Bursting response to current-evoked depolarization in rat ca1 pyramidal neurons is correlated with lucifer yellow dye coupling but not with the presence of calbindin-D28k

Abstract
Calbindin‐D28k (CaBP) immunohistochemistry has been combined with electrophysiological recording and Lucifer Yellow (LY) Cell identification in the CA1 region of the rat hippocampal formation. CaBP is shown to be contained within a distinct sub‐population of CA1 pyramidal cells which is equivalent to the superficial layer described by Lorente de Nó (1934).
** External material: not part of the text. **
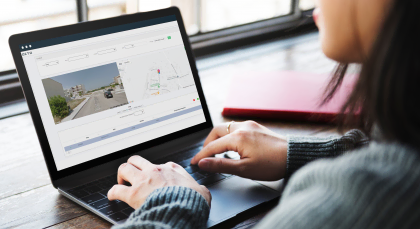 L'utente analizza i dettagli dell'incidente e i dati cartografici sullo schermo di un computer portatile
The neurogenesis of these CaBP‐Positive neurons occurs 1–2 days later than the CaBP‐negative neurons in the deep pyramidal cell layer, as shown by 3H‐thymidine autoradiography. No correlation could be found between the presence or absence of CaBP and the type of electrophysiological response to current‐evoked depolarizing pulses. The latter could be separated into bursting or non‐bursting types and the bursting‐type response was nearly always found to be associated with the presence of LY dye coupling. Furthermore, when dye coupling involved three neurons, a characteristic pattern was observed which may represent the coupling of phenotypically identical neurons into distinct functional units within the CA1 pyramidal cell layer. In this particular casse the three neurons were all likely to be CaBP‐positive.